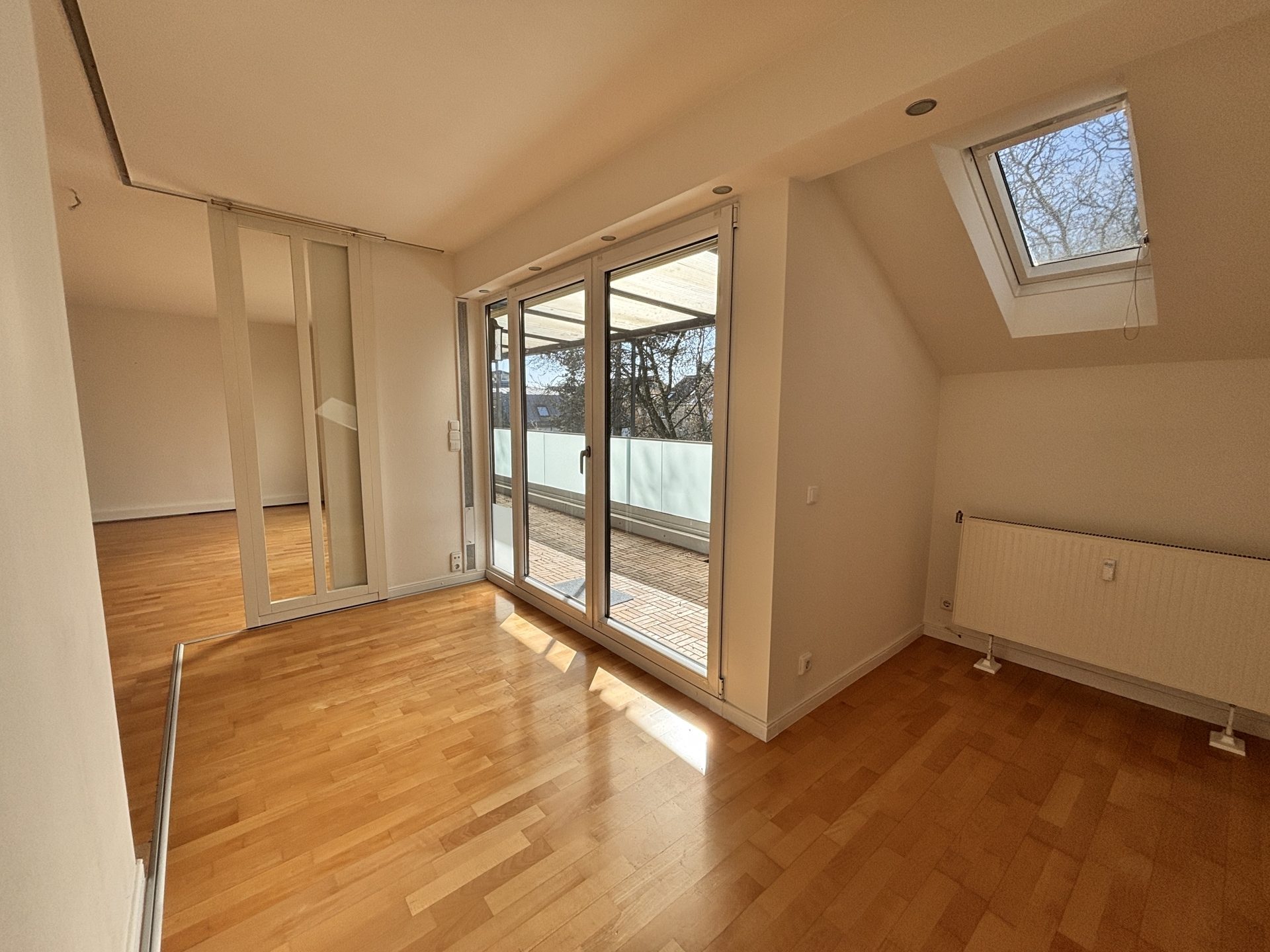 Böcker Wohnimmobilien - Immobilienangebot - Düsseldorf / Kaiserswerth - Alle - Ruhig gelegene Etagenwohnung mit großem, sonnigen Südbalkon.
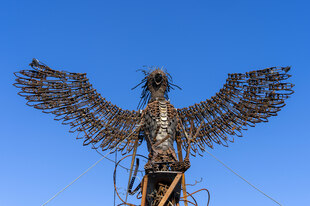 Ein Adler aus Metall mit ausgebreiteten Flügeln schreit verzweifelt - Ein Adler aus Metall mit ausgebreiteten Flügeln schreit verzweifelt -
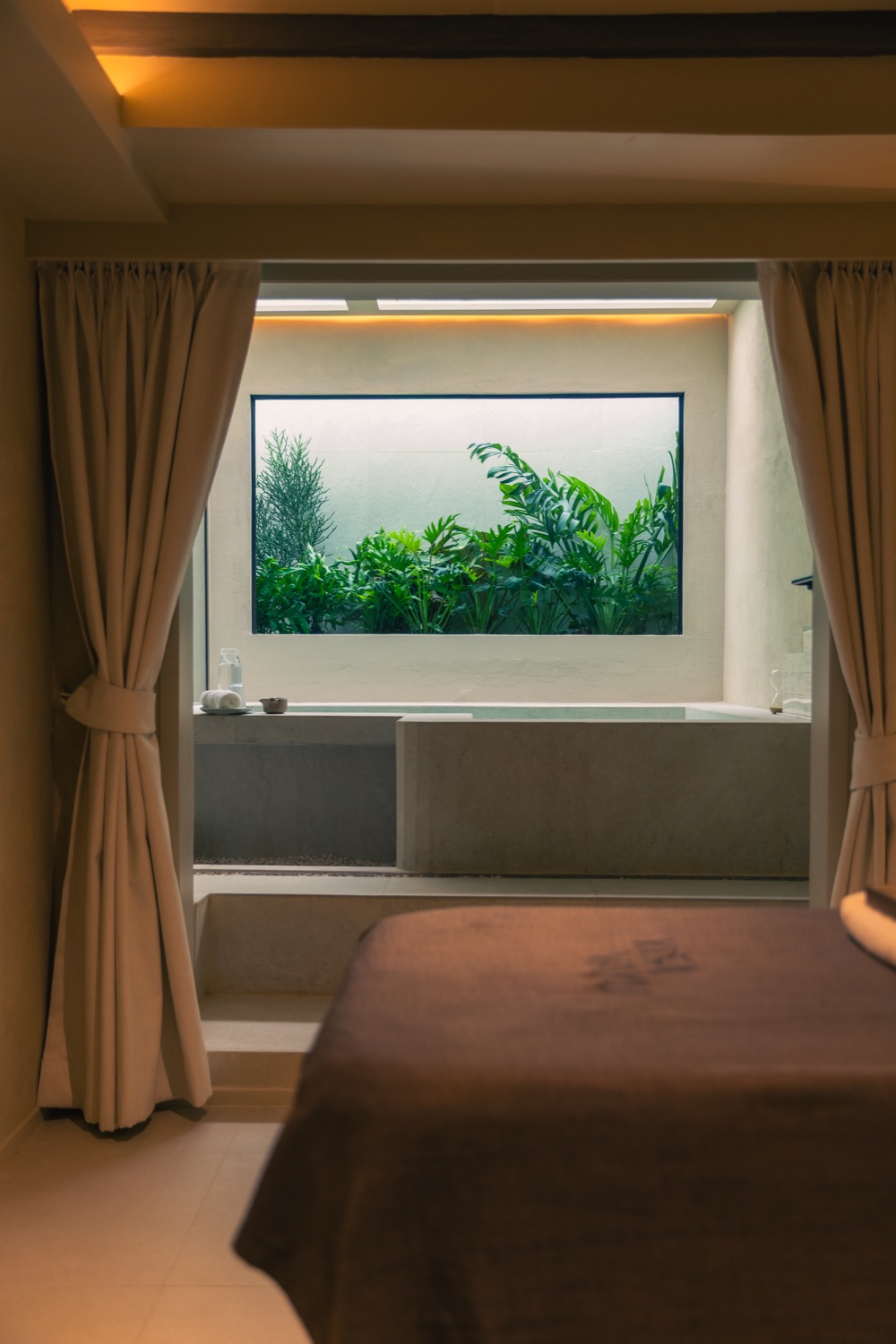 Treatment suite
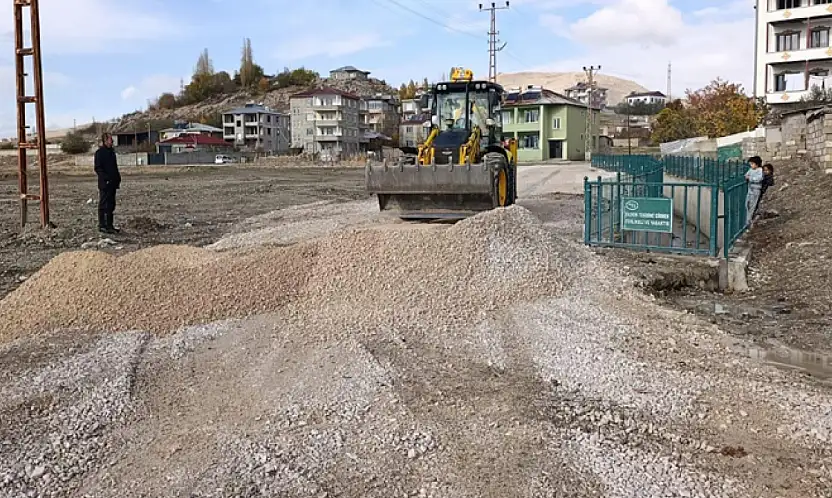 Patlayan su borusunun tahrip ettiği mahalle yolu onarıldı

### Problem to work on
The images are to be left out; every line above should be set down exactly.

### Expected answer
 Böcker Wohnimmobilien - Immobilienangebot - Düsseldorf / Kaiserswerth - Alle - Ruhig gelegene Etagenwohnung mit großem, sonnigen Südbalkon.
 Ein Adler aus Metall mit ausgebreiteten Flügeln schreit verzweifelt - Ein Adler aus Metall mit ausgebreiteten Flügeln schreit verzweifelt -
 Treatment suite
 Patlayan su borusunun tahrip ettiği mahalle yolu onarıldı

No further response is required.